── Data for processing

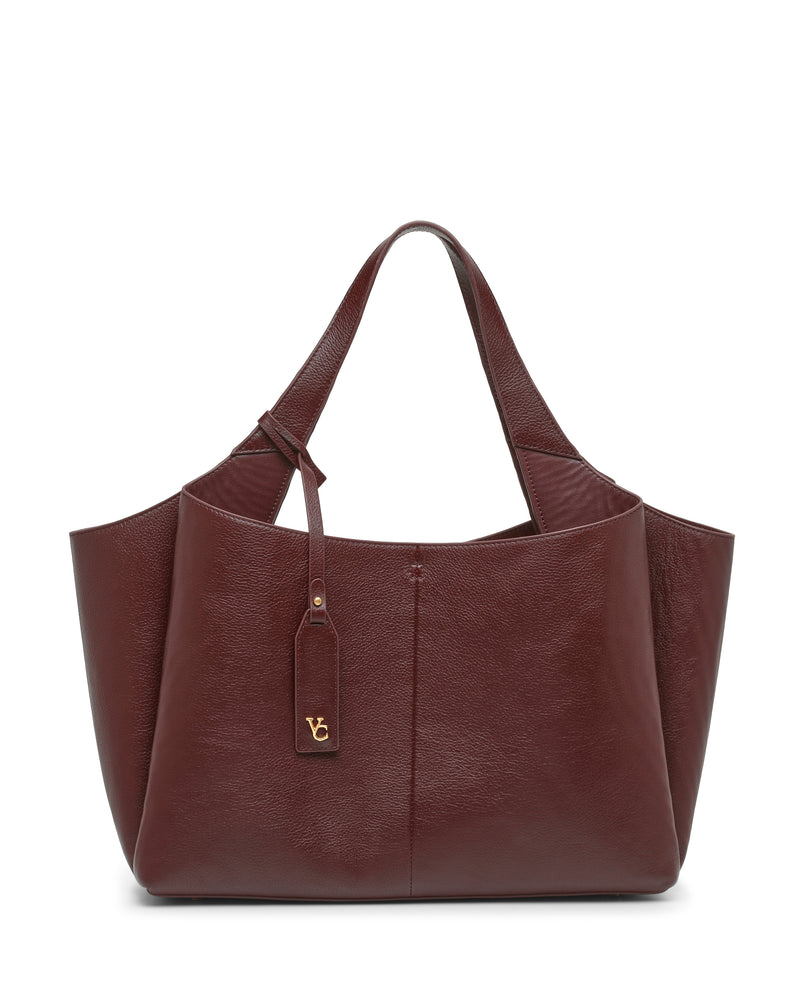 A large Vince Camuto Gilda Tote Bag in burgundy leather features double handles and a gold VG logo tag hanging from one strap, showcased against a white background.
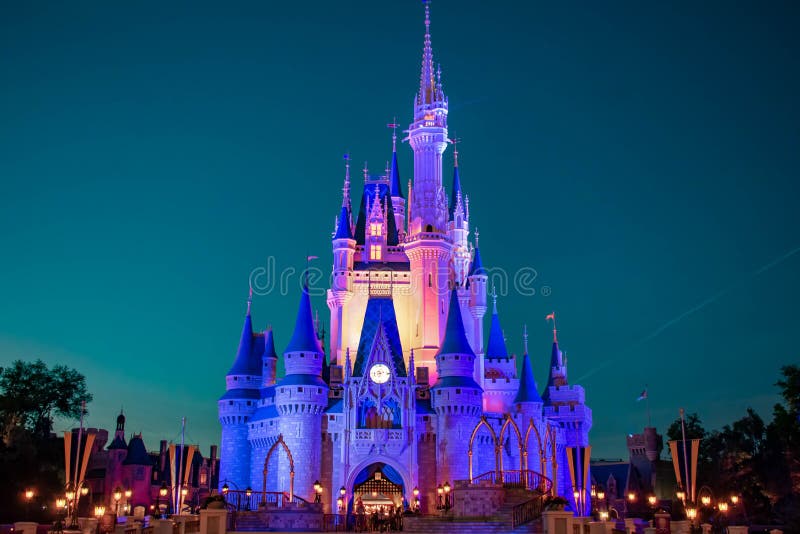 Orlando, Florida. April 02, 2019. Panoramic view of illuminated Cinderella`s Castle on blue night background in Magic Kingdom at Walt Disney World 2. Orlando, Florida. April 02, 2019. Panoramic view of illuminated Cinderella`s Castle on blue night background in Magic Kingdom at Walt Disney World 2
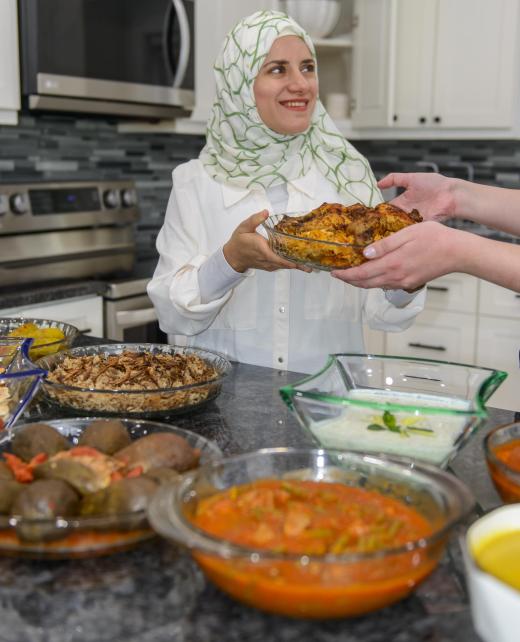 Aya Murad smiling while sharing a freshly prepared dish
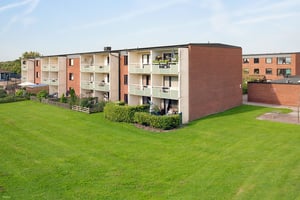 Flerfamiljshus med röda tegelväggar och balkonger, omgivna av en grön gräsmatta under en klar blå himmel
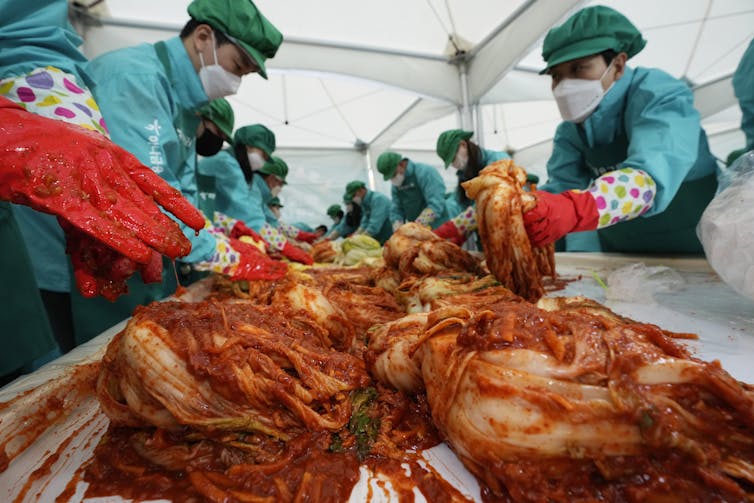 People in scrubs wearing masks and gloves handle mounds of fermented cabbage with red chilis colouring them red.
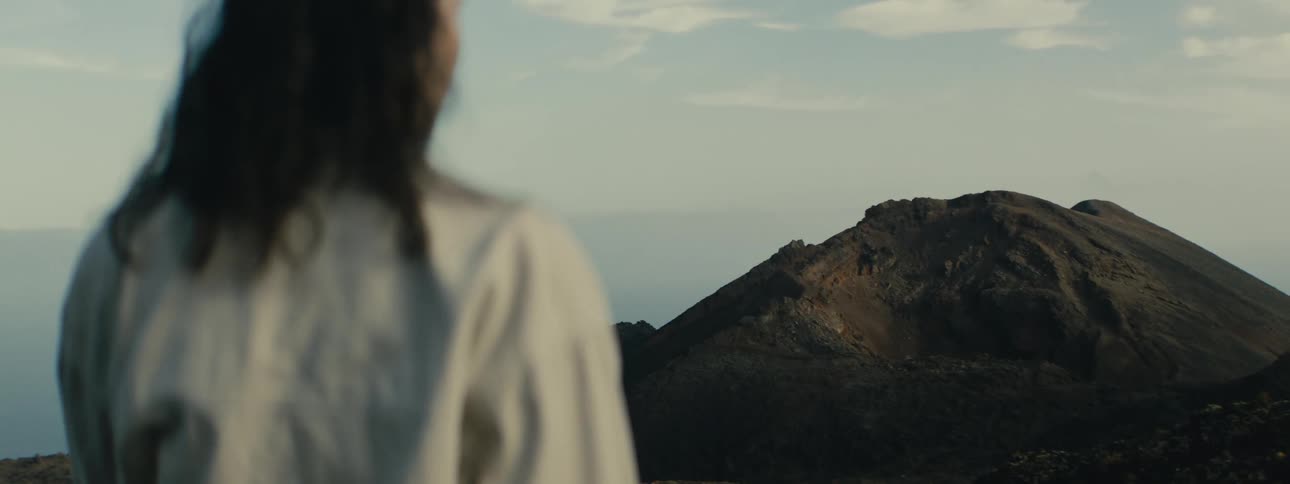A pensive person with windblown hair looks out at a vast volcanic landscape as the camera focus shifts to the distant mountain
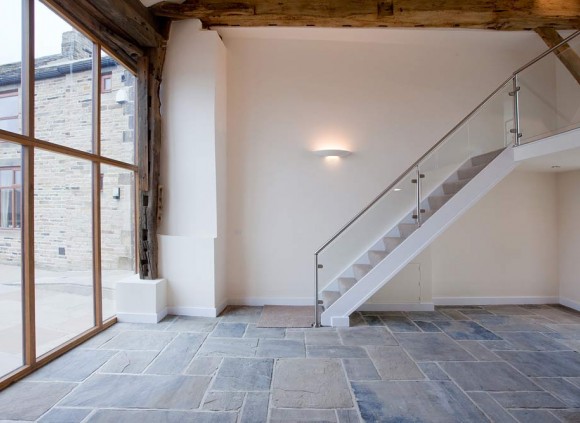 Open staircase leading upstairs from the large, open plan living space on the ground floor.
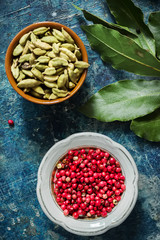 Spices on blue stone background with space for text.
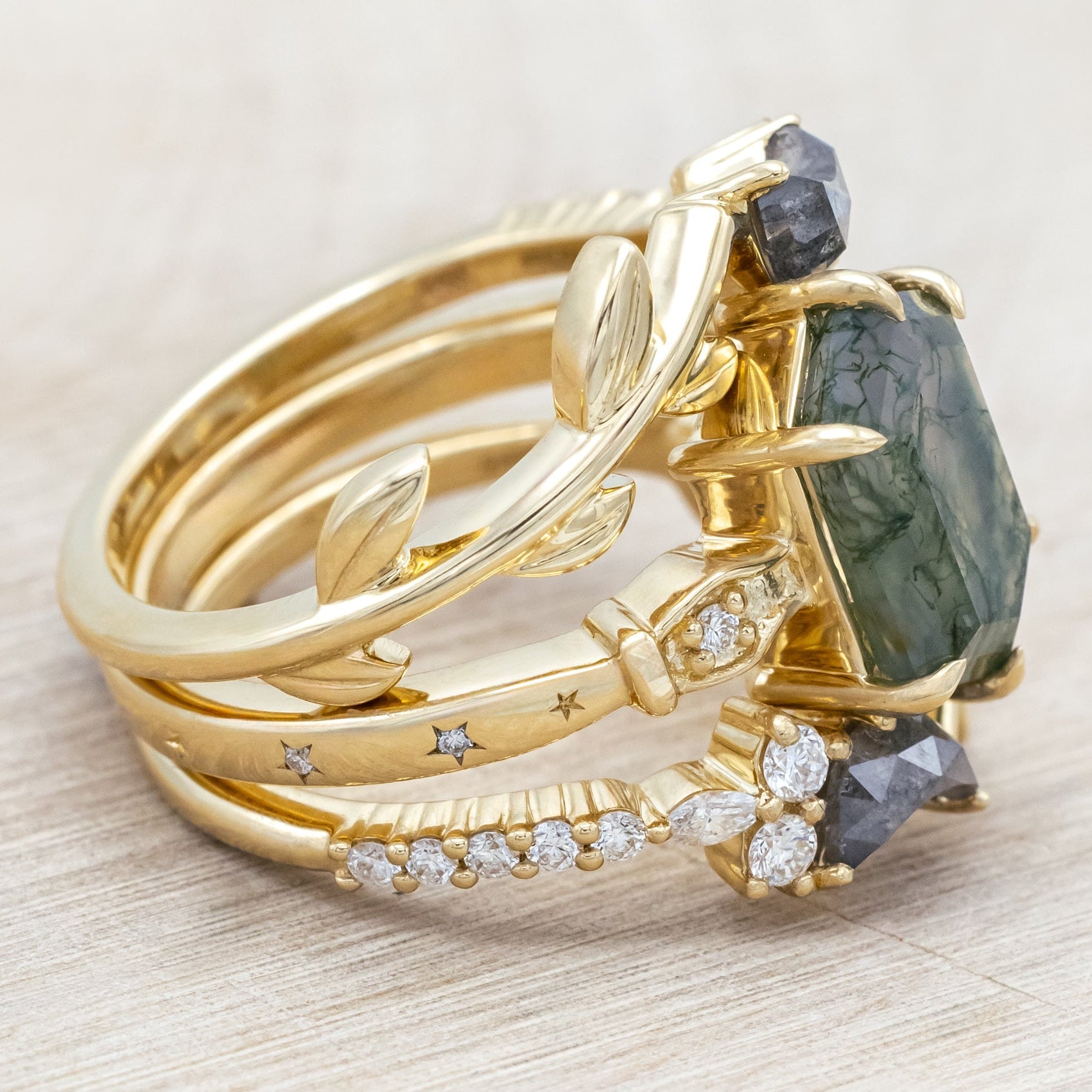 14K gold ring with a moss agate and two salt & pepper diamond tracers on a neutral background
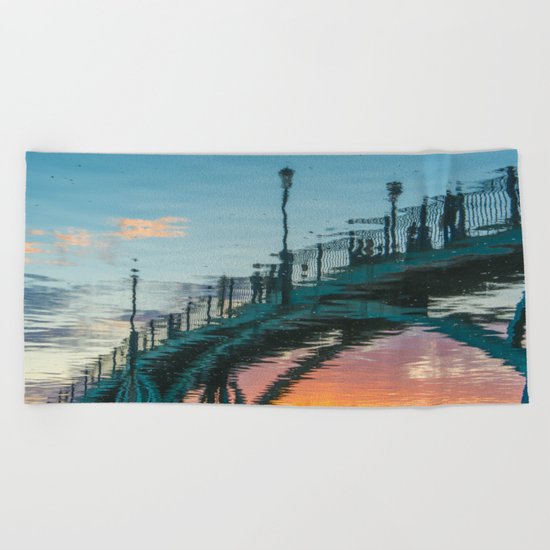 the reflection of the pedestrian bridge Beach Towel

────

Your instructions
The copy must match each record exactly, apart from the images, which stay out.

Result for this exercise
 A large Vince Camuto Gilda Tote Bag in burgundy leather features double handles and a gold VG logo tag hanging from one strap, showcased against a white background.
 Orlando, Florida. April 02, 2019. Panoramic view of illuminated Cinderella`s Castle on blue night background in Magic Kingdom at Walt Disney World 2. Orlando, Florida. April 02, 2019. Panoramic view of illuminated Cinderella`s Castle on blue night background in Magic Kingdom at Walt Disney World 2
 Aya Murad smiling while sharing a freshly prepared dish
 Flerfamiljshus med röda tegelväggar och balkonger, omgivna av en grön gräsmatta under en klar blå himmel
 People in scrubs wearing masks and gloves handle mounds of fermented cabbage with red chilis colouring them red.
A pensive person with windblown hair looks out at a vast volcanic landscape as the camera focus shifts to the distant mountain
 Open staircase leading upstairs from the large, open plan living space on the ground floor.
 Spices on blue stone background with space for text.
 14K gold ring with a moss agate and two salt & pepper diamond tracers on a neutral background
 the reflection of the pedestrian bridge Beach Towel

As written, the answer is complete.